NEW YORK – Ceremonies and gatherings to commemorate the sixth anniversary of the infamous 9/11 attacks brought out a spirit of unity among those gathered to honor the fallen victims alongside civic servants including police officers, firefighters, and military officers.
In New York, thousands gathered at a small park just outside Ground Zero to mourn loved ones in a somber ceremony under gray, drizzly skies. Many clutched pictures of those lost in the attacks and cried while bells tolled from churches throughout the city.
A few miles away, families of 9/11 victims honored their lost ones by sharing stories as they came together for boat ride on the Hudson River.
Teresa Hunter, who lost her son, told NY1 News that while she thinks about it everyday and prays for her son daily, "faith just pulls us through."
Characteristic of most observances, participants engaged in prayer to initiate the event and observed a moment of silence at 8:46 a.m. ET, the exact moment when the first terrorist attack hit the World Trade Center in New York. At the end of many events, orchestras or bands played "God Bless America."
Ceremonies were also held at the nation's capital to commemorate the day when those at the Pentagon, where the third jetliner targeted, also lost their lives.
In Washington, President Bush commemorated 9/11 with a special prayer service at the nearby St. John's Episcopal Church.
During the service, which was attended by all members of the White House staff, the Rev. Luis Leon preached the dilemma with each anniversary of 9/11 was how "to remember a day that was so difficult and yet at the same time to move on with our lives."
Leon also preached that even though Muslim, Christian, and Jewish traditions all have differences, they are all religions that strive for peace, love and justice.

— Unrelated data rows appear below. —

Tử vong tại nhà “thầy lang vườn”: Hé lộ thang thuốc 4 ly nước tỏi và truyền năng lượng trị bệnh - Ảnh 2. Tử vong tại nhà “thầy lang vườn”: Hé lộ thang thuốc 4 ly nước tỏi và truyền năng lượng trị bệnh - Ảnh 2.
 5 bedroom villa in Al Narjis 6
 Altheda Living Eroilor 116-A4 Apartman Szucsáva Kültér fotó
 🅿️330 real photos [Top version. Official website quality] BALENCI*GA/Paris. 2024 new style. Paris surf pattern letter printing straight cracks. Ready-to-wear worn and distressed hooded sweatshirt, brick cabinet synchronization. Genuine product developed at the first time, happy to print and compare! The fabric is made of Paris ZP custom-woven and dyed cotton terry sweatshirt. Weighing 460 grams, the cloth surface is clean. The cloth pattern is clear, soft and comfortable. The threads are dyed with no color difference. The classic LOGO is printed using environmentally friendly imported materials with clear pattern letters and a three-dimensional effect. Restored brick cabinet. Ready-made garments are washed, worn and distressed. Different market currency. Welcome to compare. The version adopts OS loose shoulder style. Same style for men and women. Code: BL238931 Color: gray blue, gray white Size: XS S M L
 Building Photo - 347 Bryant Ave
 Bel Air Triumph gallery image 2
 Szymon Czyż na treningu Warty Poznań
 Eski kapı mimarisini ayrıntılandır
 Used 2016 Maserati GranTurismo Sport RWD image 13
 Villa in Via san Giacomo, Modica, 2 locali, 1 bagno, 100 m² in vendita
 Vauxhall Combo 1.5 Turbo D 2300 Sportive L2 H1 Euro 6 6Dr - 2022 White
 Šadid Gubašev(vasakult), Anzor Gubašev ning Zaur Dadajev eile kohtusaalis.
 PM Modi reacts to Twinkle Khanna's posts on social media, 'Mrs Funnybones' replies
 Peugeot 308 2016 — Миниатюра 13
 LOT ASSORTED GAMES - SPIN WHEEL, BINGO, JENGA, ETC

"I believe as much as anything else that God looks on the heart, our heart and every human heart, as the seed of good and evil," he said. "And while confessions of faith are important, equally important is living a faith that shows justice and mercy, kindness and grace, the grace of God that passes all human understanding…"
Just a few days ago, more than 10,000 walkers had gathered in D.C. to take part in the third annual "America Supports You" Freedom Walk.
"Being here is my Christian duty and my civic duty," Gloria Chance, a Department of Agriculture employee, told American Forces Press Service.
Although Chance said she doesn't often attend Sunday morning church services, she considered the Freedom Walk a worthy exception, according to AFPS.
"It's so important that we as a country embrace the freedoms we have and recognize that Sept. 11 was a direct assault against all of us," she said. "We need to remember that so it doesn't ever happen again - because when you forget the past, that's when it comes right back at you."
The spirit of unity that pervaded across ceremonies Tuesday also spanned across faith lines.
One pastor in Alabama said that the events of the tragedy made America more "God-consciousness."
Not only did more people turn to prayer, said Chris Toole, pastor of SouthPoint Church, in a Eufaula Tribune report, but it forced the church to re-examine their ministry and their church which had become ingrown.
"It made us open our eyes to people of different faiths," said Toole.
In Sacramento, one college student who was a scheduled speaker for the Interfaith Worship Service hosted at the Cathedral of the Blessed Sacrament said the event made her more religious.
Ruben Arocan, contemplating the priesthood, told the Sacramento Bee, "It brought me closer to God but also to the reality that we live in a harsh world. With God in our life, we can always get through that."
This year's anniversary date was the first time Sept. 11 fell on a Tuesday, the same day the 2001 attacks occurred. Fatalities from the series of events totaled 2,974. Flags were to return to full-staff on Wednesday.